OUR VIEW: Tips for celebrating New Year’s safely
We’ll ring in the start of a new year, and a new decade, next Wednesday, but it’s likely many people will start their celebrations as soon as this weekend.
That’s what happens when major holidays fall into the middle of a workweek. (If you haven’t looked at the calendar next year yet, both Christmas and New Year’s are on Fridays.)
New Year’s celebrations mean fireworks, and many will set off their own over the next few nights. It is legal in Georgia to shoot off fireworks, thanks a change in state law in 2016. On New Year’s Eve specifically, state law allows fireworks to be shot off until 1 a.m.
We urge caution, no matter what you do on New Year’s Eve.
A lot of people will spend the night out drinking with friends and family. If that’s the case, we recommend making a plan for the night and appointing a designated driver to ensure everyone gets home safely. We’re sure local law enforcement is looking out for impaired drivers this weekend and on Tuesday night.
There are going to be millions of people on the roadways coming home from Christmas and others heading to New Year’s celebrations, so if you’re driving make sure to keep your eyes on the vehicles around you.
Of course, fireworks are the star of any New Year’s celebration. Since we’ve already brought up alcohol, we’ll lead with this — fireworks and drinking do not mix, so don’t do them together.
Fireworks can be dangerous enough without adding alcohol to the mix. According to the National Fire Prevention Association, an average of 18,500 fires are started by fireworks every year. An average 1,300 structure and 300 vehicle fires are caused by fireworks.
In 2017, 12,900 people were treated for fireworks related injuries at emergency rooms. Children under 15 accounted for more than a third of fireworks related injuries, according to the NFPA.
Fireworks should never be handled by young children and older children should be supervised when handling fireworks of any kind. Fireworks should never be pointed at another person, residence or car or anything flammable.
We’ve talked to local leaders about fireworks over the years and their solution is almost always to go see a professional show. The closest one to us is probably at Callaway Gardens in Pine Mountain, and there is an admission charge, but at least you know you’ll be safe.

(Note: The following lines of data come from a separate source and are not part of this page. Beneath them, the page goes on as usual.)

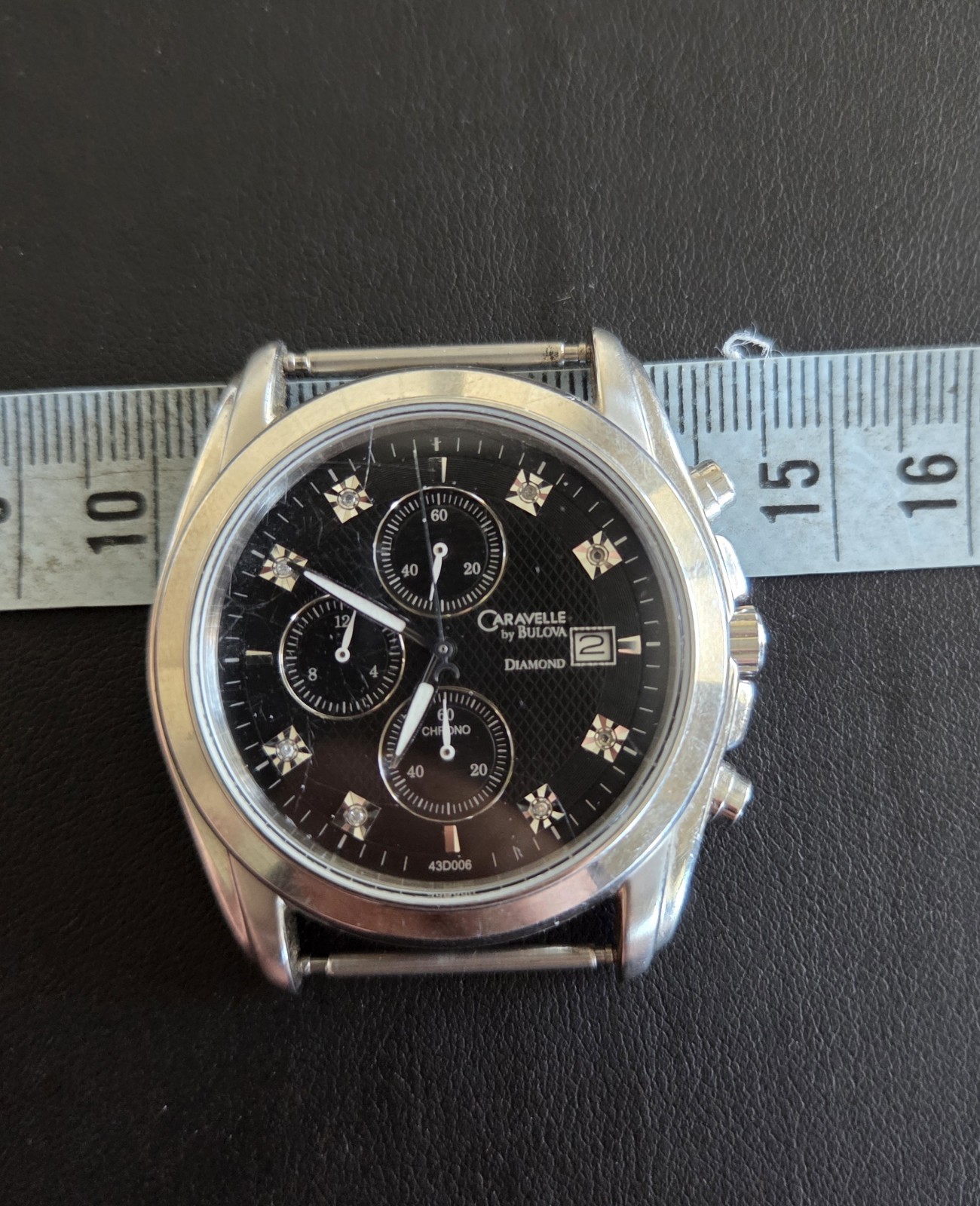 Caravelle Bulova Chronograph Watch Men 42mm 43D006 No Watch Band New Battery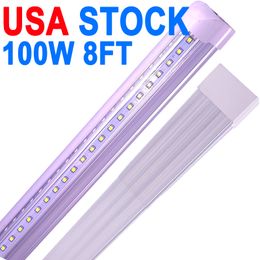 8Ft Led Shop Lights Fixture ,8 Feet 100W 8' Garage Light 96'' T8 Integrated LED Tube , Linkable Led Bulbs Garage , Plug and Play High Output Surface Mount USA crestech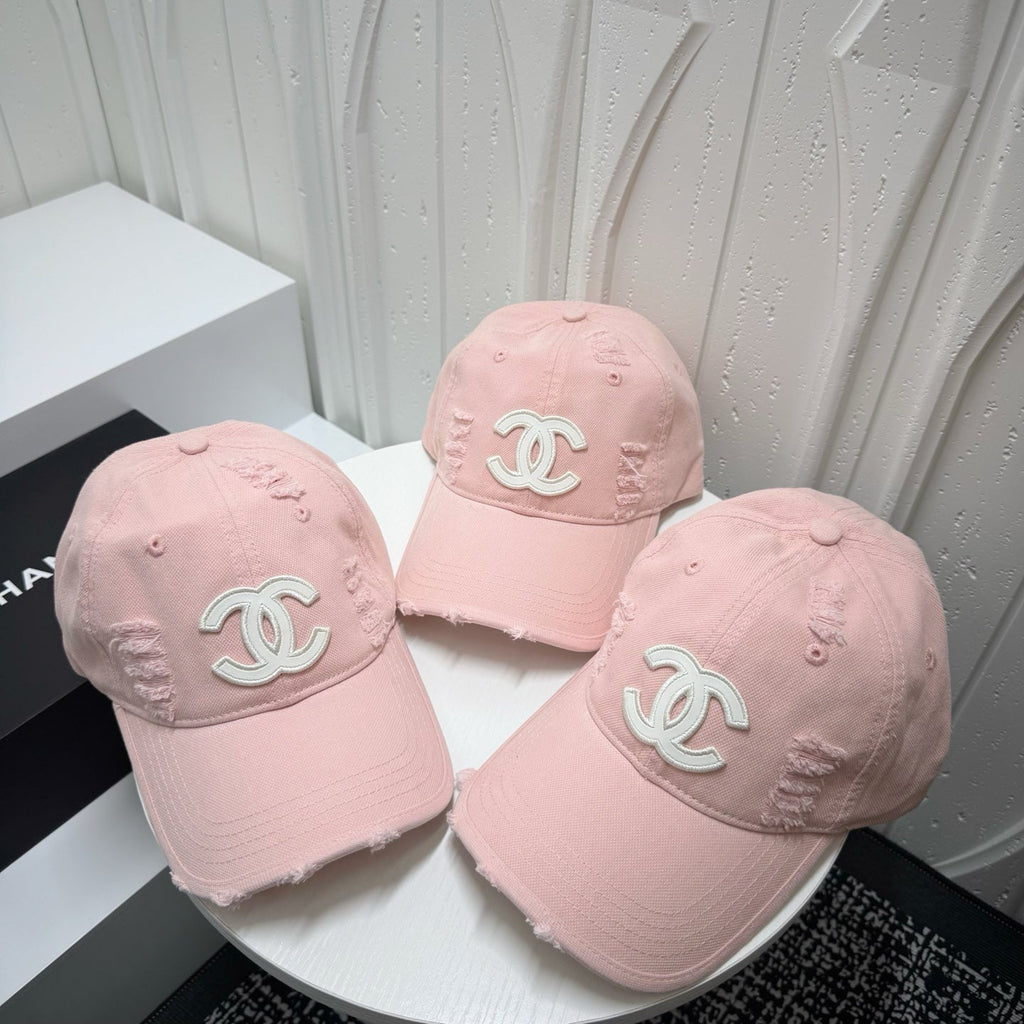 Chanel-inspired distressed baseball cap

There’s also one other thing to consider this New Year’s Eve — your pets. Animals do not understand fireworks and often get spooked and upset when they hear repeated loud noises that they can’t see. The American Society for the Prevention of Cruelty to Animals recommends turning on soft music and moving your pet to an interior room. The ASPCA also recommends trying an anxiety vest or putting your pet in a snuggly t-shirt to give it some comfort.
Remember, fireworks are a fun way to celebrate the new year, but they have the potential to become hazardous. They’re not worth risking your life.
Think twice on how you want to celebrate the New Year.
We hope these tips help, and wish everyone a happy new year.